Two women after having voted.

Photo courtesy of Defense.mil

After 9/11 the United States support for democracy became a center piece of the counter-narrative strategy against Al-Qaeda and despotic regimes. 

However, because of differing definitions of democracy between the US and other countries the strategy went off track.  The US’s “Freedom Agenda” expressed the belief that citizens of pluralistic and democratic nations do not support terrorism or seek out Weapons of Mass Destruction. 

The US maintained that if people around the world were given the chance to vote they would pick leaders who were responsible, and who would uphold democratic ideals.   This precept was undercut by the 2006 Palestinian legislative election that was won by HAMAS. The election preceded the violent takeover of the Gaza strip in 2007 by HAMAS.  Due to the extremist and anti-Semitic nature of HAMAS, the US condemned the election results.
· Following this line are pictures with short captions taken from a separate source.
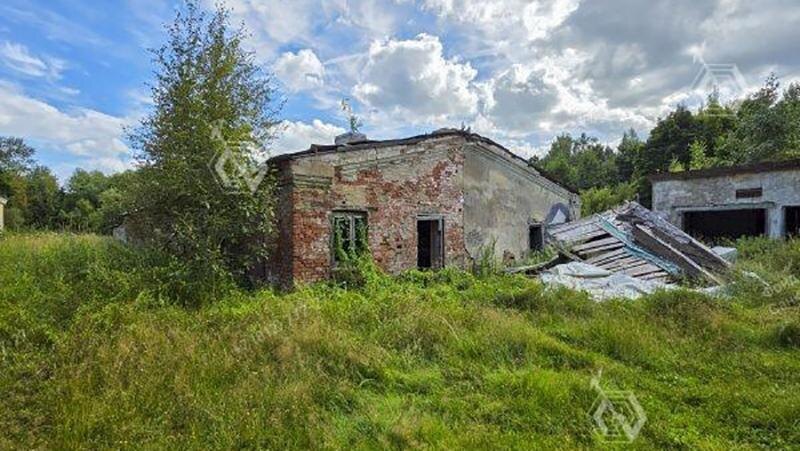    Фото: vk.com/kiospb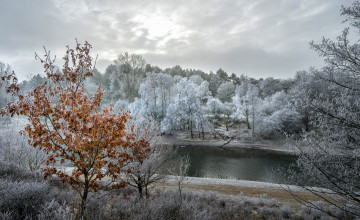 Картинка природа пейзажи простор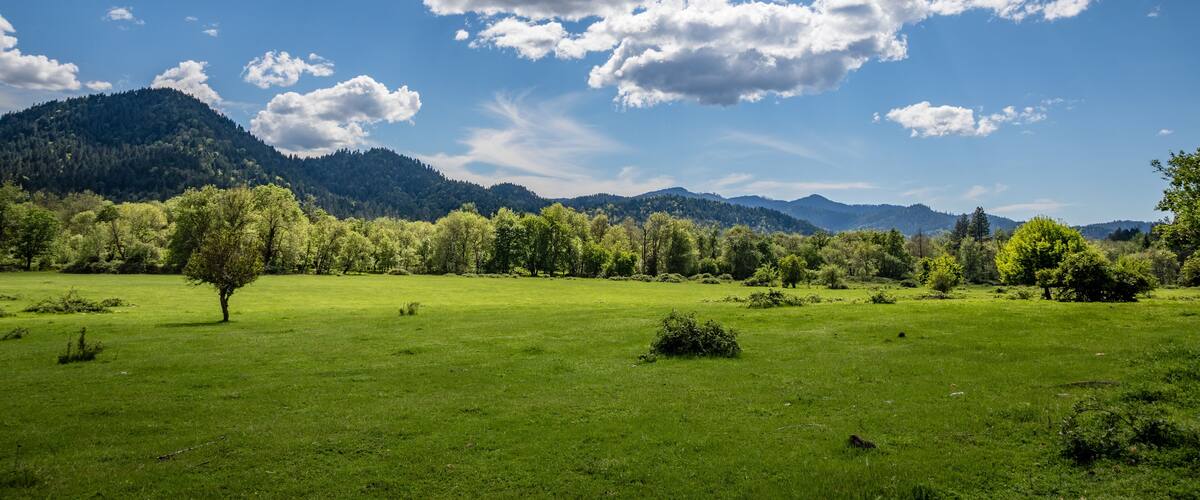 A green field with a single tree, a mountain range in the background, and a partly cloudy sky.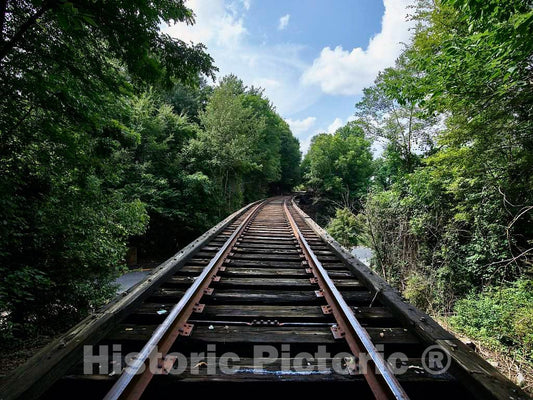 Photo- A Surprising Tourist Attraction in Athens, Georgia: one of Several Wooden Train Trestles, Now Out of Service 1 Fine Art Photo Reproduction
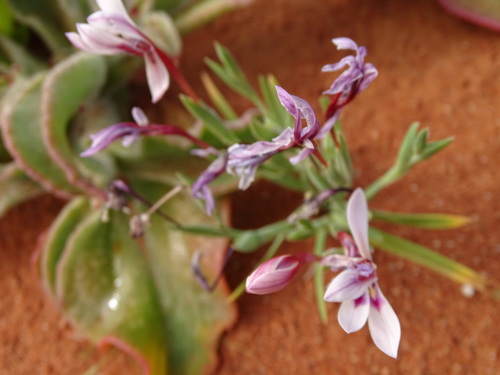 Lapeirousia macrospatha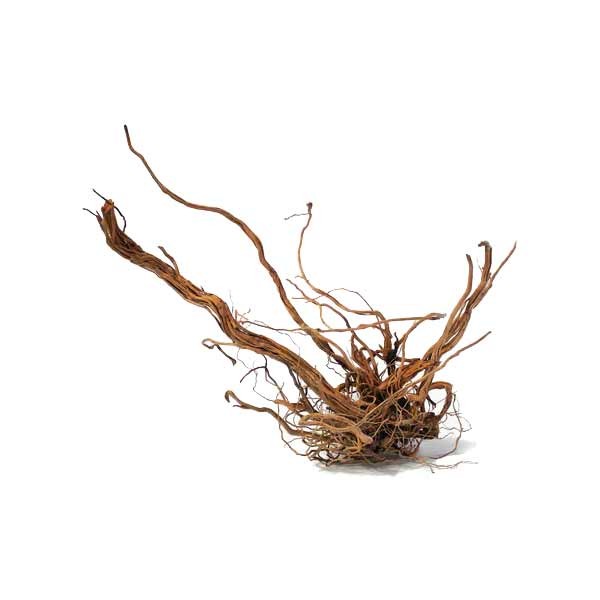 Twisted Vine Root L 1 Twisted Vine Root L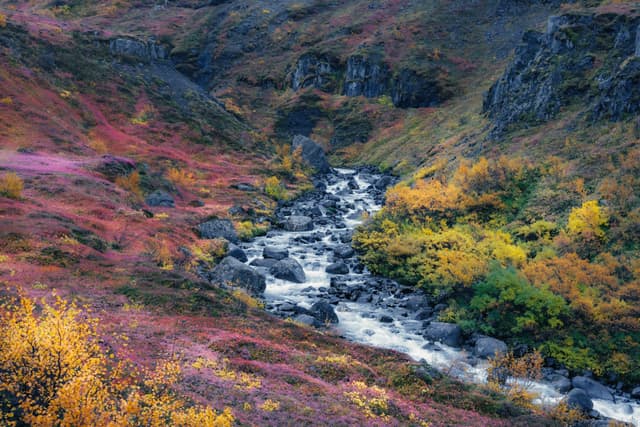 Mountain ravine with a rocky river winding through vivid autumn foliage in shades of red, yellow, and orange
This action made America look hypocritical and diminished the credibility of the freedom narrative.

Despite “elections” being held in Palestine, Iraq and Afghanistan, American leaders have become wary of talking about freedom and democracy as they once did.   This is unfortunate because democracy is the foundation of America’s narrative and should not be abandoned. 

In Burma (Myanmar) the military junta is using so-called democracy to reinforce their power; Turkey just underwent a major debate about the nature of their democracy.  In many countries democracy is an immediate and vital political topic and America should not abrogate its leadership in this area. 

What America does need to do is to rephrase and better explain what is meant by “democracy.”   When American’s say “democracy”, they don’t just mean voting – they mean the freedoms and responsibilities that come with democracy.  They mean the involvement of interrelated and indispensable institutions, such as a free press, and a culture where the franchise is extended to all groups. Many nations and cultures misunderstand the connotations that are implied within the American lexicon.  

America would do better to articulate these points in its diplomatic and military engagements. If America can better explain this, our narrative of freedom would gain the traction and credibility it deserves.